- _WHAT TO DO_: Skip the pictures, please, and write out exactly every line from the one containing "two blue chairs" through the end of the listing below.

****************************************

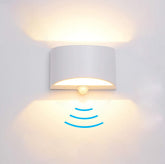 SERDEN LED wall sconce front view glowing in warm 3000K light for cozy ambience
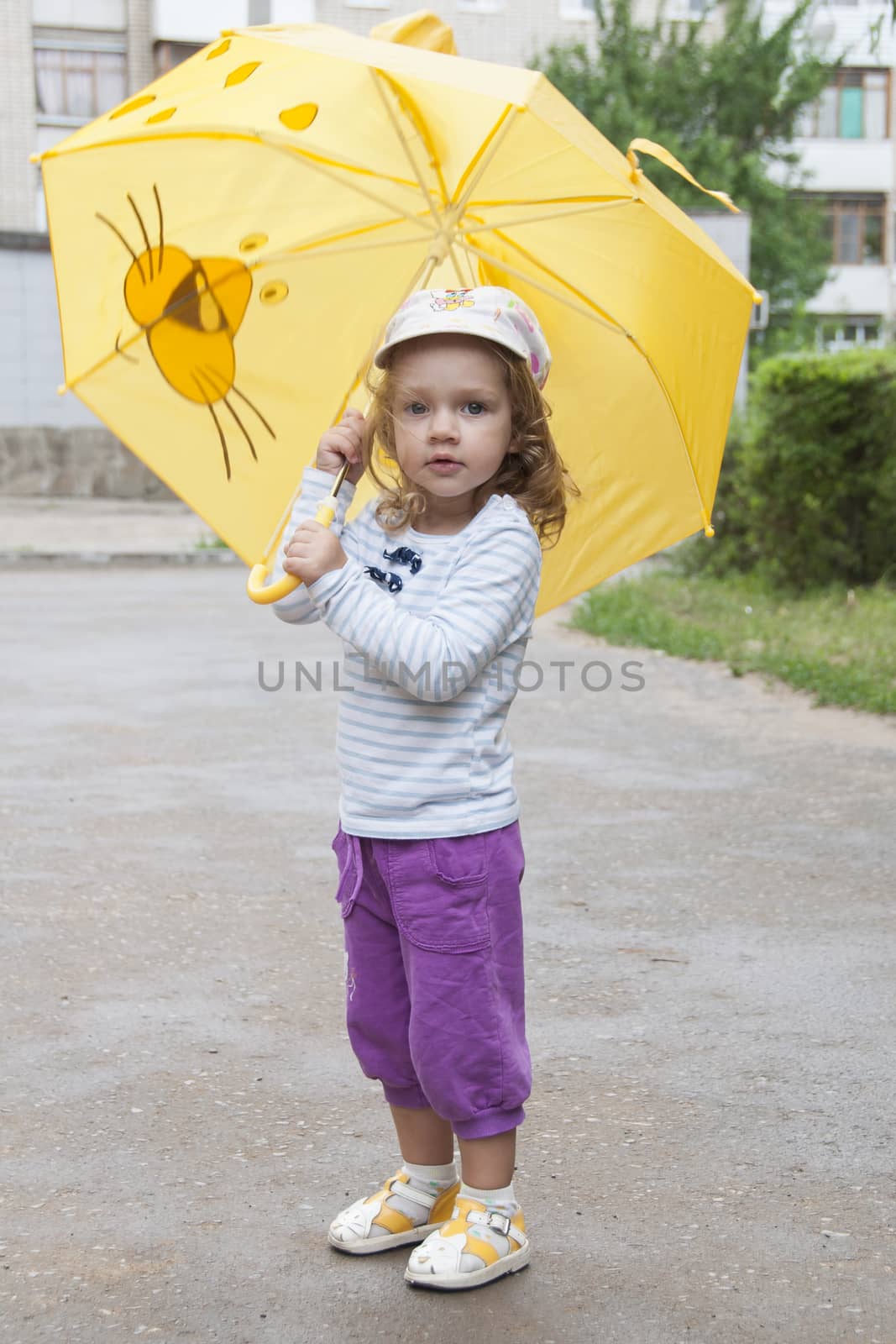 Merry little girl stands with the yellow umbrella on an asphalt road on the street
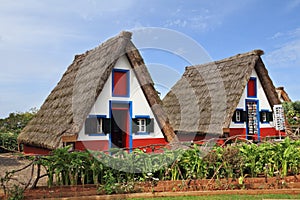 Two rural houses with triangular thatched roof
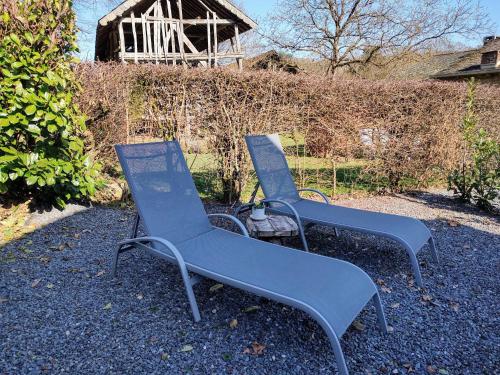 two blue chairs sitting on the ground in a yard at B&B La Belle Histoire Laforêt in Laforêt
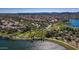 Aerial view of community with lake, walking paths, and homes at 18109 W Juniper Dr, Goodyear, AZ 85338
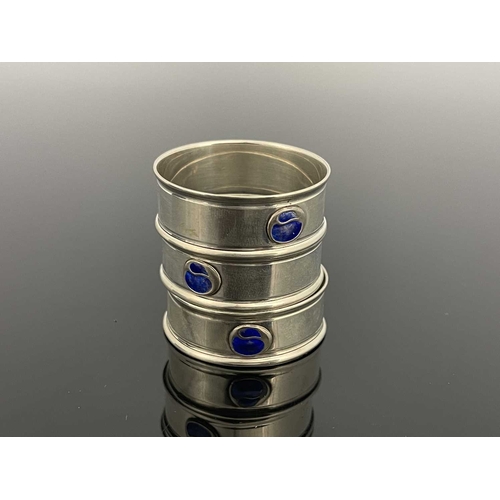 104 - Charles Horner, three Arts and Crafts silver and enamelled napkin rings, Chester 1917 and 1923, circ... 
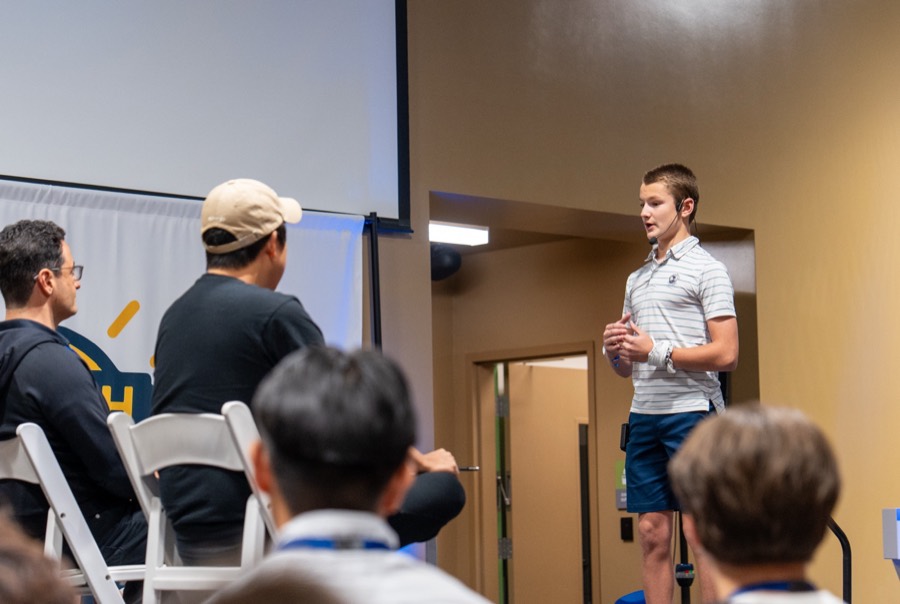Student pitching on stage at the Y.E.S. Summit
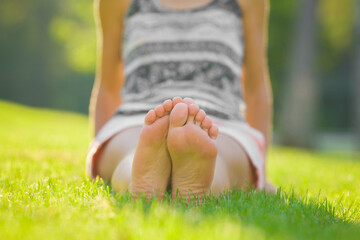 Young adult woman sitting and resting on fresh green grass in sunny warm summer day. Barefoot...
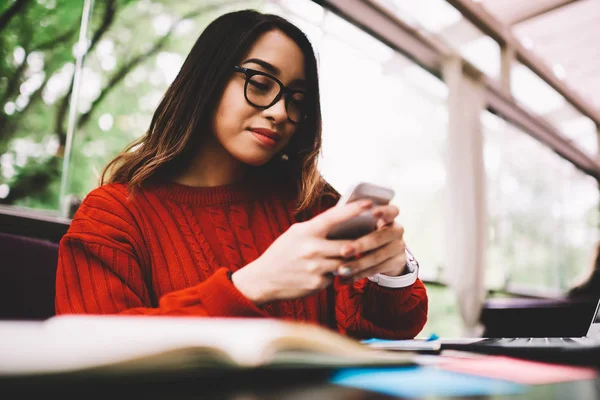 Smiling young female reading notification from banking service making payment in application on mobile, hipster girl chatting in social networks with friend satisfied with internet connection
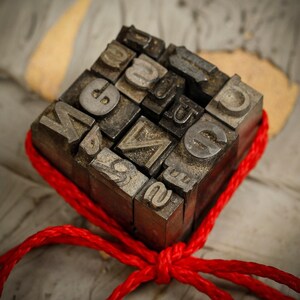 Könnte beinhalten: Ein rotes Band um eine Sammlung von alten Metall-Letterpress-Druckblöcken gebunden. Die Blöcke sind in Würfelform angeordnet und zeigen verschiedene Buchstaben und Zahlen.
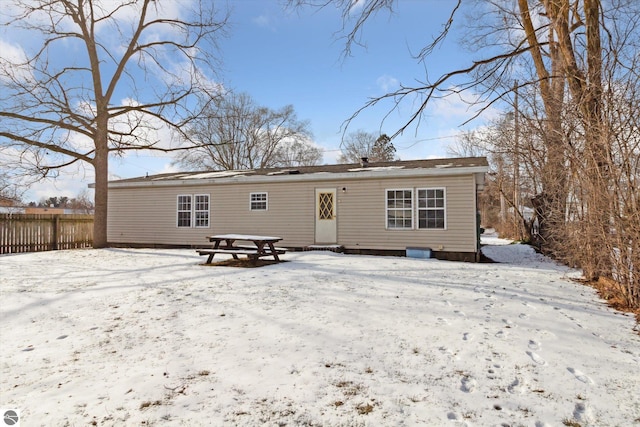 view of snow covered property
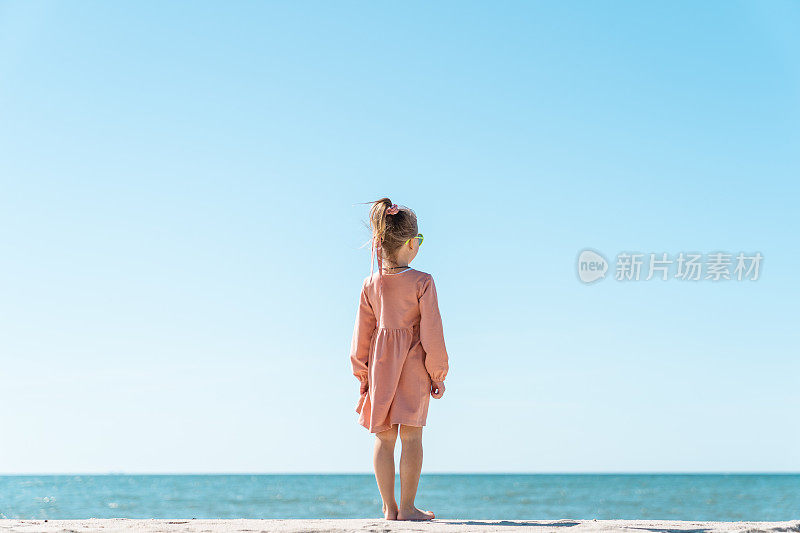 一个五岁的小女孩背对着大海站着。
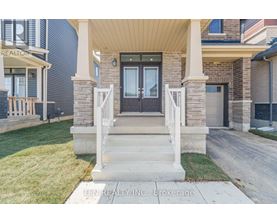 A house with a front porch and a sign that says "TEN REALTY INC. Brokerage".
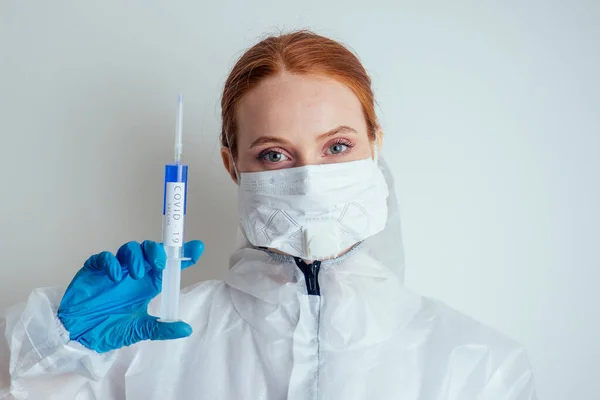 Mulher virologista em máscara de proteção química, óculos e luvas segurando vacina potencial no laboratório — Fotografia de Stock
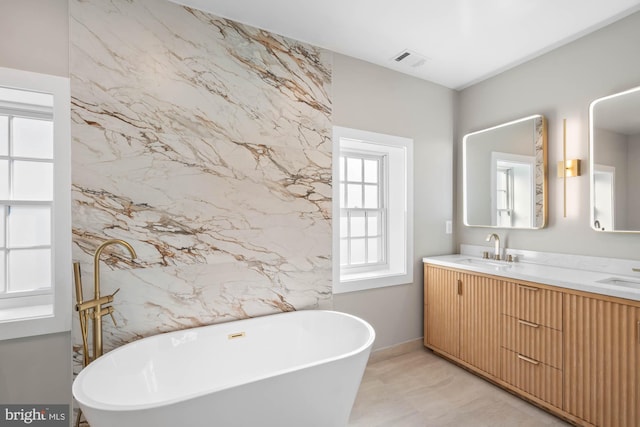 bathroom with double vanity, a soaking tub, visible vents, and a sink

****************************************

- _EXERCISE SOLUTION_:
 two blue chairs sitting on the ground in a yard at B&B La Belle Histoire Laforêt in Laforêt
 Aerial view of community with lake, walking paths, and homes at 18109 W Juniper Dr, Goodyear, AZ 85338
 104 - Charles Horner, three Arts and Crafts silver and enamelled napkin rings, Chester 1917 and 1923, circ... 
Student pitching on stage at the Y.E.S. Summit
 Young adult woman sitting and resting on fresh green grass in sunny warm summer day. Barefoot...
 Smiling young female reading notification from banking service making payment in application on mobile, hipster girl chatting in social networks with friend satisfied with internet connection
 Könnte beinhalten: Ein rotes Band um eine Sammlung von alten Metall-Letterpress-Druckblöcken gebunden. Die Blöcke sind in Würfelform angeordnet und zeigen verschiedene Buchstaben und Zahlen.
 view of snow covered property
 一个五岁的小女孩背对着大海站着。
 A house with a front porch and a sign that says "TEN REALTY INC. Brokerage".
 Mulher virologista em máscara de proteção química, óculos e luvas segurando vacina potencial no laboratório — Fotografia de Stock
 bathroom with double vanity, a soaking tub, visible vents, and a sink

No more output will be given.